In a production (or even stable) ESP environment, it is difficult to make a change to the Document Processing Pipeline and test it without wiping out the existing collection (not to mention the time it takes to perform a full re-crawl if the collection is even moderately large). In this case, the best option is to use postprocess to feed existing documents to a new (empty) collection.
Making a duplicate collection provides several benefits:
- No re-crawling is required
- The original collection is not affected by pipeline changes
- You can test your new collection without touching the stable data
- Upon determining that your changes are producing good results, you can easily migrate your front-end to the new collection while still maintaining existing stable data in the original collection (in case you want to revert your changes)
Steps to make a duplicate collection
- Using the ESP Admin GUI, create a new collection with the pipeline you would like to use (or test, as the case may be)

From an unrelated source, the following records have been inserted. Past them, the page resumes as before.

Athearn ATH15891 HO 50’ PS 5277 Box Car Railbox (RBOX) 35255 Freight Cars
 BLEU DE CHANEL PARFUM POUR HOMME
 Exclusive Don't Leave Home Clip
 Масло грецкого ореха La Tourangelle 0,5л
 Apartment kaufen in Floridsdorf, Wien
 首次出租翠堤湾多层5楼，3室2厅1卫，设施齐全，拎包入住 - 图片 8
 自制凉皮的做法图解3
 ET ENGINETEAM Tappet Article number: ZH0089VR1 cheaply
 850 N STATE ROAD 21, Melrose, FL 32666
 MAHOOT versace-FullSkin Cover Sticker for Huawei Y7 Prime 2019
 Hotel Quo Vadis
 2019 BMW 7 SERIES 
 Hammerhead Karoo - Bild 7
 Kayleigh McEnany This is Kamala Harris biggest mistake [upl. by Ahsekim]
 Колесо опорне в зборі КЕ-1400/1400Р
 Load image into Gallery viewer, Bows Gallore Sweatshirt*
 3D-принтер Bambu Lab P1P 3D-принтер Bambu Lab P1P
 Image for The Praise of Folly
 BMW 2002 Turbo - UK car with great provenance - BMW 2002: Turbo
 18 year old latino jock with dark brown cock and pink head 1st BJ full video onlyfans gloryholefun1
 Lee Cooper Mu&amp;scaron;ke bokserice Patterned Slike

- Do not specify any data sources when configuring the new collection
- Stop the Enterprise Crawler:
$FASTSEARCH/bin/nctrl stop crawler
- Run the following command where origcollection is the original collection and newcollection is the new collection (that you just created):
$FASTSEARCH/bin/postprocess -R origcollection -k default:newcollection
Notes about this command:
- the default specified above is a content feeding destination, as specified in the destinations section of $FASTSEARCH/etc/CrawlerGlobalDefaults.xml. Specifying default will specify the destination as the current ESP install.
- be sure to run the above command using either nohup or screen as it will not exit until all content has been fed to the new collection. For large collections this may take a while.
- Restart the Enterprise Crawler:
$FASTSEARCH/bin/nctrl start crawler